[PATCH printk v7 24/35] printk: nbcon: Flush new records on device_release()

John Ogness posted 35 patches 1 year, 4 months ago
There is a newer version of this series
[PATCH printk v7 24/35] printk: nbcon: Flush new records on device_release()
Posted by John Ogness 1 year, 4 months ago
There may be new records that were added while a driver was
holding the nbcon context for non-printing purposes. These
new records must be flushed by the nbcon_device_release()
context because no other context will do it.

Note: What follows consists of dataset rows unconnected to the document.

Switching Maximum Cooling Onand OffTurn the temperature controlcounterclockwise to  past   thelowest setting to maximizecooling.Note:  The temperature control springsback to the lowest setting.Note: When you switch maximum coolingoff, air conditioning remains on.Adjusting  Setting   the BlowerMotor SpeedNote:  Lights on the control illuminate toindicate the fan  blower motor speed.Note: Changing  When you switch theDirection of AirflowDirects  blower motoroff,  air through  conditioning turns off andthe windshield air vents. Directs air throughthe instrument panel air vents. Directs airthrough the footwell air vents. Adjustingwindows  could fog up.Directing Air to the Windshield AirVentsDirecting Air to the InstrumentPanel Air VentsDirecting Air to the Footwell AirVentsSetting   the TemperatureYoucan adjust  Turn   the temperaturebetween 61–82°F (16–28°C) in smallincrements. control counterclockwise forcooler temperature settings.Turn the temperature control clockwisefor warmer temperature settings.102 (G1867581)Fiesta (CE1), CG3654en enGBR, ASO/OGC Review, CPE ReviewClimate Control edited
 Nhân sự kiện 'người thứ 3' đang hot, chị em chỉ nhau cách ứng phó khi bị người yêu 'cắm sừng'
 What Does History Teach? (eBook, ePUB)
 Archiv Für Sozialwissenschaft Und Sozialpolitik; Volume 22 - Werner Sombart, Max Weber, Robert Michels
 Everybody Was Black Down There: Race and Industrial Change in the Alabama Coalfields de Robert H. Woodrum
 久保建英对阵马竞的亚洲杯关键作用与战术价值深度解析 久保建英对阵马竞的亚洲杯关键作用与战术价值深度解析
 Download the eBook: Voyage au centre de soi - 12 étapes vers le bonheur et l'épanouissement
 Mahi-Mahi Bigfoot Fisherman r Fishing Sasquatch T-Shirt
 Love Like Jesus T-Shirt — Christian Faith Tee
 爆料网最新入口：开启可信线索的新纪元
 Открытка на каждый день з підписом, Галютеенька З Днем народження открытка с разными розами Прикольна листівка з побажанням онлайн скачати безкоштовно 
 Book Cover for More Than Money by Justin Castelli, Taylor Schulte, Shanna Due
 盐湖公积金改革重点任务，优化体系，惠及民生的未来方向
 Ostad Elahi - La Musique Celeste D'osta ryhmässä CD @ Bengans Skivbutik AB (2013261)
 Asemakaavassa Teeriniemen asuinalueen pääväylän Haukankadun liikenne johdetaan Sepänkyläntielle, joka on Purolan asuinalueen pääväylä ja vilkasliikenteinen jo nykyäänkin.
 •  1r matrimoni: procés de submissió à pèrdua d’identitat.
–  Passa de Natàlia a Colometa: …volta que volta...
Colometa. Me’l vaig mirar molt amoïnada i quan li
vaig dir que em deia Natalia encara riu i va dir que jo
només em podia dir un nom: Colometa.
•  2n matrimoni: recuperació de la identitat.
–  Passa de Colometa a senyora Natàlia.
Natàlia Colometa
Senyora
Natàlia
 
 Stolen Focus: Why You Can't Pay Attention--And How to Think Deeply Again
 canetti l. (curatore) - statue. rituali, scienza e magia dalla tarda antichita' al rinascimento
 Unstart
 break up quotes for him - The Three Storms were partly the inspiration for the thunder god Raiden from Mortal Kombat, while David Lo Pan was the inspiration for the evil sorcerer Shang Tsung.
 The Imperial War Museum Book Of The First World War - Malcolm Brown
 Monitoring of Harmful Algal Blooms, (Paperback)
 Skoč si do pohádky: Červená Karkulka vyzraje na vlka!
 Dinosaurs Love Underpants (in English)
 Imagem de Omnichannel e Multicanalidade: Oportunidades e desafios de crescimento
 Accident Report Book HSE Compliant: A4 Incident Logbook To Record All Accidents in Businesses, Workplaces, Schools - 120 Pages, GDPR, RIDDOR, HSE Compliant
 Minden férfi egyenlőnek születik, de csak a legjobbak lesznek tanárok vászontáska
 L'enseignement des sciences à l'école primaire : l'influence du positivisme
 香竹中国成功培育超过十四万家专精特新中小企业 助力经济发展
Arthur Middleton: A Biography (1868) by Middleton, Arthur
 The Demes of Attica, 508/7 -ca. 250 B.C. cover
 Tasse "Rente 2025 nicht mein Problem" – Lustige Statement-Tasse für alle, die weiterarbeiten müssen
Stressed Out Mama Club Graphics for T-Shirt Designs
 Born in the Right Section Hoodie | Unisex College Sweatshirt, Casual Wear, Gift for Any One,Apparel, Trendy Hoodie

If boot consoles are registered, the legacy loop is used
(either direct or per irq_work) to handle the flushing.

Signed-off-by: John Ogness <john.ogness@linutronix.de>
---
 kernel/printk/internal.h |  2 ++
 kernel/printk/nbcon.c    | 20 ++++++++++++++++++++
 kernel/printk/printk.c   |  2 +-
 3 files changed, 23 insertions(+), 1 deletion(-)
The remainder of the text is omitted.